Leadership burnout begets employee burnout
How often do you or other leaders in your company send out emails late into the evenings and over weekends? To what extent do leaders at your company expect people to respond to emails and join conference calls even when they’re on vacation? How many of your leaders role-model a balanced life and actively support others in taking care of themselves?
Not long ago, we were approached by the CEO of a large bank, who asked us to help his leadership team better manage the intense demand they’re facing. We began to negotiate a contract with members of his HR team, but with the first session a week out, the deal was still not finalized.
We emailed the CEO late one afternoon, and by the next morning, we had the signed contract. Later, we learned that the CEO had read our email at 9 pm that day. He immediately called his head of HR to gather the required stakeholders so they could work on the contract – starting at 10pm. The irony was not lost on us. Several executives at the company worked late into the night to complete an agreement for a program intended to help people work in more sustainable ways.

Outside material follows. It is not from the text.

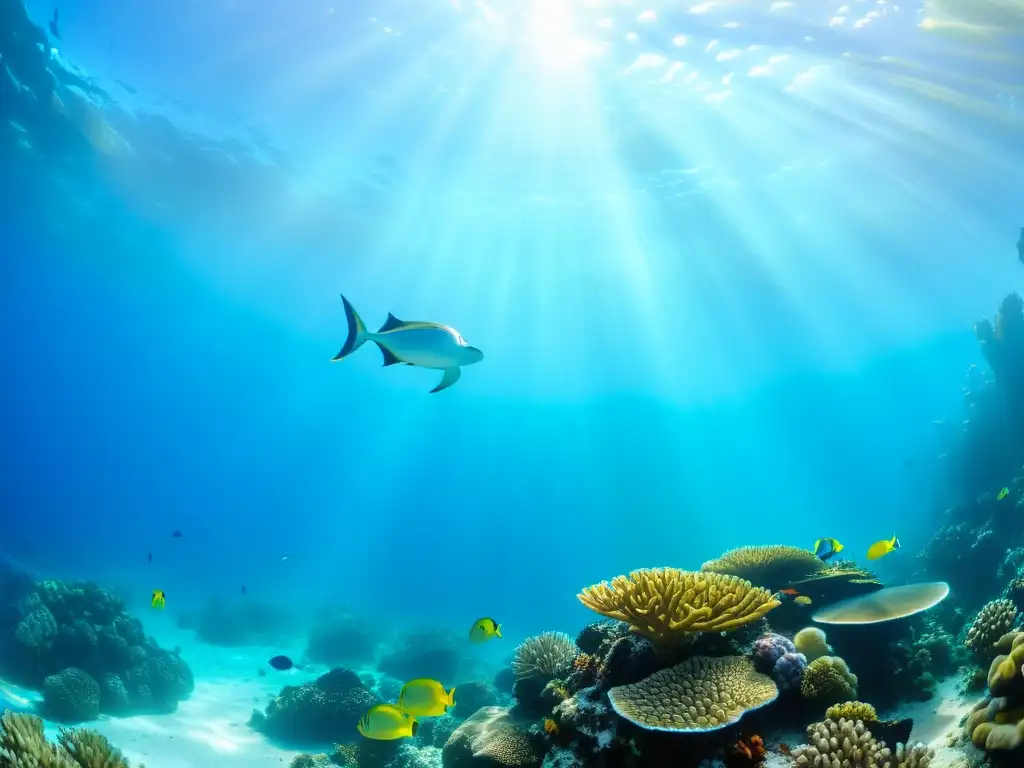 Un vibrante arrecife de coral bajo el agua, lleno de vida marina colorida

Late-night work was simply standard practice. No one questioned it, even though they were all exhausted by the hours they were expected to put in.
What leaders say and do has a disproportionate impact on the behaviors that employees feel comfortable adopting. Even with the proliferation of nap rooms, yoga classes, and mindfulness courses, if leaders don’t sanction and model the use of these offerings, employees are loath to utilize them. The good news is that when leaders change their behavior, the benefits are clear.
In a study of 20,000 employees, we found that while only 25 per cent of respondents said their leaders modeled sustainable work practices, employees working for those leaders were 55 per cent more engaged, 77 per cent more satisfied at work, and 1.1 times more likely to stay at the company. They also reported more than twice the level of trust in their leader.
Leaders reward busyness and overwork over value creation
Our experience is that when people feel comfortable balancing periods of highly focused work – ideally no longer than 90 minutes at a stretch – with intermittent renewal, they actually get more done, in less time, at a higher level of quality, in a more sustainable way. Instead, most leaders continue to evaluate their employees in significant part by how many hours they work, rather than by the value they create. Employees absorb this expectation and end up believing that working long and continuous hours is not only what gets most rewarded, but also the best way to be productive. In fact, cultures of overwork create a “box ticker” mentality in which people value busyness over real productivity. Responding quickly to all requests and crossing items off to-do lists become false measures of success, at the expense of prioritizing the most important tasks and giving them the absorbed and undivided attention they require.
Well-being has become a buzzword in the corporate world – especially with the recent World Health Organization designation of “burnout” as a workplace hazard.